I want to address the power first. My house was built about three months prior to me buying it and moving in. One of the downsides when I found it was that it DIDN'T have a garage. Since the house was built without a garage, the power panel was installed in one of the bedrooms, at the opposite side of the house. I made a deal with the builder to add on the garage before I purchased the house. Since the panel was already in place, there was no way to re-locate it to the garage and I was stuck with it how it was built. Fast forward five years and now I have a hot tub (spa) behind the garage on my back patio. Right now it's running on 110V, but I'm currently looking for an electrician that will run a 220V line from my panel to a sub-panel in the garage and then run 220V to the hot tub. At the same time, I want to put a 220V receptacle in the garage for a welder and I would like to have at least a couple more 110V circuits, since right now the whole garage is only on one single 15A circuit.

As for the plywood, I guess I just liked the natural look of the wood. I know I am going to add more light anyways, so I wasn't too concerned with the "brightness" of the wood panels. It's all personal preference and taste, I guess.


----------



## Gart (Jul 10, 2014)

Thanks Jason for the response.


----------



## jaykaypur (Oct 22, 2011)

Very nice shop and I got some ideas from my own shop by looking at yours.
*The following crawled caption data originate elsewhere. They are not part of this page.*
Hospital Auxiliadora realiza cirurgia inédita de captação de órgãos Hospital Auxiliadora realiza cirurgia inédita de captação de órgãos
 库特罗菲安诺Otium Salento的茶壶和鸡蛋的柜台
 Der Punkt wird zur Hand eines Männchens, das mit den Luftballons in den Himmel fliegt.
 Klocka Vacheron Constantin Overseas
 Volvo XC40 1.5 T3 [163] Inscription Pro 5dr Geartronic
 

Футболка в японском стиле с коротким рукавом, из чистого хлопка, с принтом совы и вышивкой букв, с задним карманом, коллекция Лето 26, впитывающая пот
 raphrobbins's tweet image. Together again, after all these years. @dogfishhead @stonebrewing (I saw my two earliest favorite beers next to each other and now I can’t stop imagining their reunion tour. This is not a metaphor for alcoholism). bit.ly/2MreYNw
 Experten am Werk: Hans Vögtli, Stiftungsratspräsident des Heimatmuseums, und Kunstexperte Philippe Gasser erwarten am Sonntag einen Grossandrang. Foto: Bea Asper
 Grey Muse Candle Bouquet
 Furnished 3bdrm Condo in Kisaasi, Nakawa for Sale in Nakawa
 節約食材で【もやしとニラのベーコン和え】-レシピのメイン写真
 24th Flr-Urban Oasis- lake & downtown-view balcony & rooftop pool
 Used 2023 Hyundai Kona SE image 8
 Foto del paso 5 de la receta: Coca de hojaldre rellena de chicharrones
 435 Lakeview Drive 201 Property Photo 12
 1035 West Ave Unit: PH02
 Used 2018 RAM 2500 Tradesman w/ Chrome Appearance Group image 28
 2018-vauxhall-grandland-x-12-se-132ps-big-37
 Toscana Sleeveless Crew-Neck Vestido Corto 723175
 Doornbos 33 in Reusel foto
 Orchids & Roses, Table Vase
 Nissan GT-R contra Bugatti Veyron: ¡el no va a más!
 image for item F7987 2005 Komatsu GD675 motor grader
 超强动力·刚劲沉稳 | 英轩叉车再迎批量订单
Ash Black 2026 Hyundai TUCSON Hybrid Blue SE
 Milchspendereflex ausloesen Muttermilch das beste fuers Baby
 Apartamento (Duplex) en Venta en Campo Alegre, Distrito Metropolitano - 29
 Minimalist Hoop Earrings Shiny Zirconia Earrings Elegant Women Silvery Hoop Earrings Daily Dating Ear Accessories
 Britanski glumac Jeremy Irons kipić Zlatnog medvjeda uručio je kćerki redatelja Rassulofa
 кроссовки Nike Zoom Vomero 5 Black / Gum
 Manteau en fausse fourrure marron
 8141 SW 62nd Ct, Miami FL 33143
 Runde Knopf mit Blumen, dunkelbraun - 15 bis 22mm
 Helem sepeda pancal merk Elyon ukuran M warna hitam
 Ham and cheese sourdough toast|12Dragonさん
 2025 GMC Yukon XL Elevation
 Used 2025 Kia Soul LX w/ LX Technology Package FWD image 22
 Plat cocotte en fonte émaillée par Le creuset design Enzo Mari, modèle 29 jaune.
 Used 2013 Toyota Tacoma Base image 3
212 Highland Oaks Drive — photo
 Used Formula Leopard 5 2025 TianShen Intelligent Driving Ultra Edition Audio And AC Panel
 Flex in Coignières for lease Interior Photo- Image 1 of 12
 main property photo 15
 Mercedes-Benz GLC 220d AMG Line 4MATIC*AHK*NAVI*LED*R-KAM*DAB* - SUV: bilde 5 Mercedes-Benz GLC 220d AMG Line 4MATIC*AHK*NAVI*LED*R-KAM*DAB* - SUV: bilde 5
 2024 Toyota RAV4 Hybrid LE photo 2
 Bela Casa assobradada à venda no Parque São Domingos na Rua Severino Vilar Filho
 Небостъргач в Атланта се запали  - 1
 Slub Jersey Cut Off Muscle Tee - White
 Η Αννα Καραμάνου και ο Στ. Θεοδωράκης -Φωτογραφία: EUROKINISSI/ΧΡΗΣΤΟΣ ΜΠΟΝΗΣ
Keep on, keepin' on !


----------



## doitforfun (Dec 31, 2013)

I had my garage on a single 15A circuit until one night the breaker blew as I was using the table saw. Lights went out and that spinning blade in the dark scared the bejezuz out of me. The very next day I snaked another wire to the basement panel on a 20A breaker. I kept the lights on the original circuit. I'm thinking about rewiring my saw to 220V and adding another circuit for that. That's low on the priority list, but getting the lights off the tool circuit was extreme high priority.


----------



## KE4NYV (May 25, 2014)

Just a small update. We're in heavy rocket launch mode at work (including this weekend). So, I haven't had much time to work on my cabinets, but I did get my nail-gun/drill rack cabinet built and hung up last night. I tried out birch iron-on edging for the first time. I didn't want to waste too much of it on this project, so I only did the outer case edge. I spent $10 on a plastic yellow trimmer tool that Lowe's sells to trim the edging. It works, but still left a lip. I was able to sand it down flush.



















I decided to try a French Cleat system for the first time. So far I really like it and I think I am going to use it to install all of my upper cabinets. Since I didn't inset the cleat on the back of the cabinet, I had to add a strip at the bottom to make up the gap created by the cleat. Not a big deal, but something I'm sure some would overlook when taking this mounting approach. I'm thinking about making a small cabinet with a swinging door to go to the left side, to make the total width of the rack equal with the pegboard.










More to come this week/weekend after things slow down for me at work.

Just a note, if you live on the US East Coast, look towards the Virginia east coast around 12:15pm tomorrow (7/13/14 Sunday) and look for our Antares rocket launching to the International Space Station. This is a re-supply mission and the biggest rocket that we launch, so it's visible from several states away. As far north as New York (maybe further north on a clear day or night) and as far south as Florida.


----------



## KE4NYV (May 25, 2014)

Here is my CAD drawing for the nail-gun/drill cabinet. All dimensions in inches.


----------



## KE4NYV (May 25, 2014)

Just an update on what I have completed in the last few weeks.

I built up a table saw organizing cabinet:




























I built up my first of many floor cabinets to go under the new wall-mounted work bench:



















Finally, I built a small cabinet with a plexi-glass windowed door for some of my CNC machine tooling:




























Now I need to get more 3/4" plywood to build the rest. Man that stuff is expensive!


----------



## paxorion (Oct 19, 2012)

Looking good. Just a thought, it may make more sense to document your shop progress as a blog in lieu of a forum post.


----------



## BillWhite (Jul 23, 2007)

Lighting, power, fire protection????
Can't have too much of any of those.
Bill


----------



## KE4NYV (May 25, 2014)

Lighting is coming last. I need to wait to see where everything is going to end up before I install any new lights. Also, I am going to add cabinets on the wall, above the new workbench, so I want to make sure the lights are mounted where the cabinets don't cast shadows on the workbench.


----------